Поляни прямо ссылается в этой связи на свои труды «Психология науки» и «Личностное знание», в которых, как он пишет, показано, что «научная жизнь также может быть исполнена страсти, красоты, надежды для всего человечества и нести откровения относительно нравственных ценностей».
Поэтому расширение пределов познания предполагает прежде всего изменение самой познавательной перспективы, из которой исходит, в которой актуализируется жизнь ученого, и, тем самым, жизнь науки. Именно к такому изменению познавательной перспективы страстно призывает «Личностное знание» Поляни. Вообще говоря, речь идет вовсе не о смене парадигмы, хотя в некотором смысле парадигмальный сдвиг, конечно же, предполагается. Более того, этот парадигмальный сдвиг можно даже и назвать. Это переход к коммуникативной парадигме, одним из выражений которого и является синергетика. Но важно, что смена познавательной перспективы осознается не в контексте противопоставления уже имеющимся, не как некий альтернативный вариант, но как нахождение третьего пути, ориентирами в поиске которого являются отчетливо осознанные, точнее, непрерывно осознаваемые крайности, становящиеся в этом качестве не отрицаемыми, а необходимыми.
В случае Маслоу и становления гуманистической психологии эти крайности обозначаются психоанализом Фрейда и бихевиоризма Уотсона. Как пишет Гобл, работа Маслоу не означает тотального отрицания, но, скорее, является попыткой учесть все, что есть в обеих психологиях (Фрейда и Уотсона) полезного, значимого и нужного человечеству, а затем двигаться дальше [91].
Но как сделать это конкретно, как найти эту самую «золотую середину», причем не просто найти, но и прокладывать этот срединный путь дальше, как не сбиться с него, какие знания нам нужны, чтобы идти дальше. Знание крайностей — это, вроде бы, понятно. Но кажущася ясность проходит, когда осознается многомерность и неоднозначность самой метафоры пути, который «ведет» вверх или вниз. Или это путь Дао? На память приходит высказывание великого Бора: «Мы все подвешены в языке таким образом, что не знаем, где верх, где низ» [53]. Это высказывание неотделимо от контекста дебатов по поводу истолкования квантовой механики, его можно понять только в контексте его так и не завершившихся определенным результатом попыток убедить Эйнштейна в своей правоте.
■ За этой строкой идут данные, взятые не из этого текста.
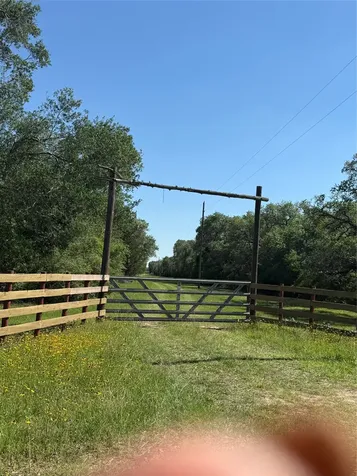 1222 Cr 2152 Rock Island TX 77470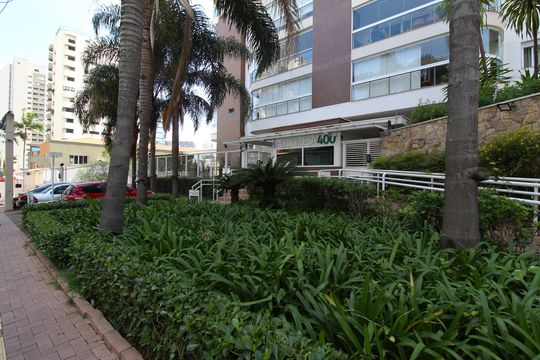 Fachada de apartamento à venda com 3 quartos, 120m² em Vila Olímpia, São Paulo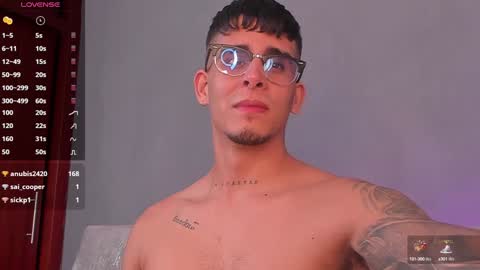 Snapshot of camilo_ospina_ chatting on January 2, 1:49 am INDEPENDENT MODEL online show from January 2, 1:49 am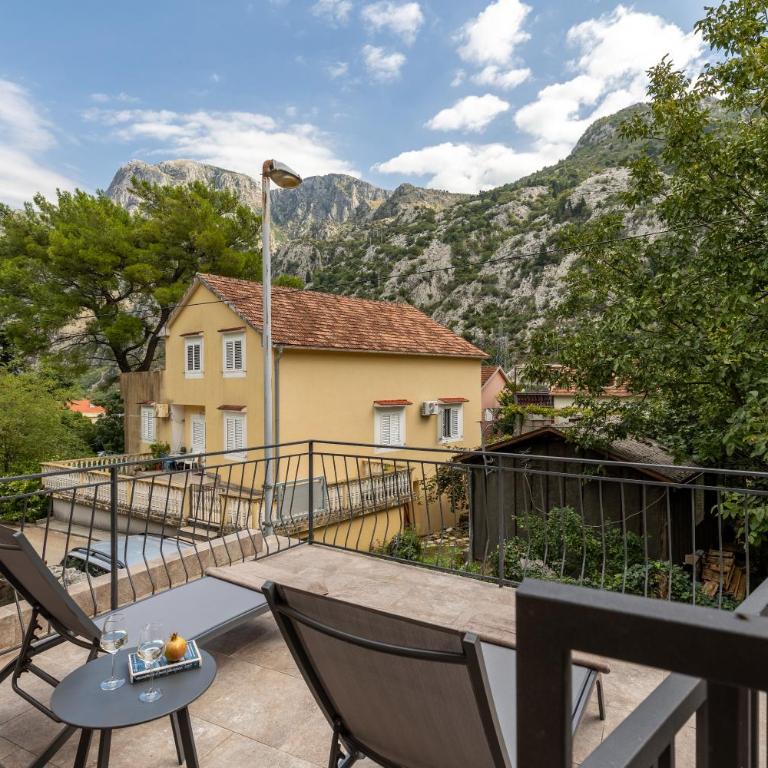 Villa Kotor Cradle - Two-Bedroom Villa - 31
А в этом контексте статический образ «подвешенности в языке» может трансформироваться в образ ведомости языком, направляемости этим языком. Плененность языком — это образ Витгенштейна: «Граница моего языка — граница моего мира». Это вывод его «Логико-философского трактата». И отсюда следует этический принцип Витгенштейна: «О чем невозможно говорить, о том следует молчать» [45]. Этим афоризмом трактат завершается. Образ статичен и жесток. Он жестко логически детерминирован. Плененность языком как образ у Витгенштейна при определенном психическом состоянии может превратиться (и в самом деле превращается) в образ языковой тюрьмы, в которой находится его носитель. Не язык принадлежит ему, но он принадлежит языку. Осознавание себя в этой принадлежности может иметь разные последствия для языковой личности.
Для философа такое осознание себя в языке — это переоткрытие заново самой философии. Осознавание своей личностной причастности к языку философии, своей укорененности в этом языке открывает ему путь к личностной свободе и личностной ответственности. Я думаю, что именно с таким осознаванием, языковым обращением и связан тот «лингвистический поворот», который произошел в западной философии и который принято связывать с именами Хайдеггера, Витгенштейна [176].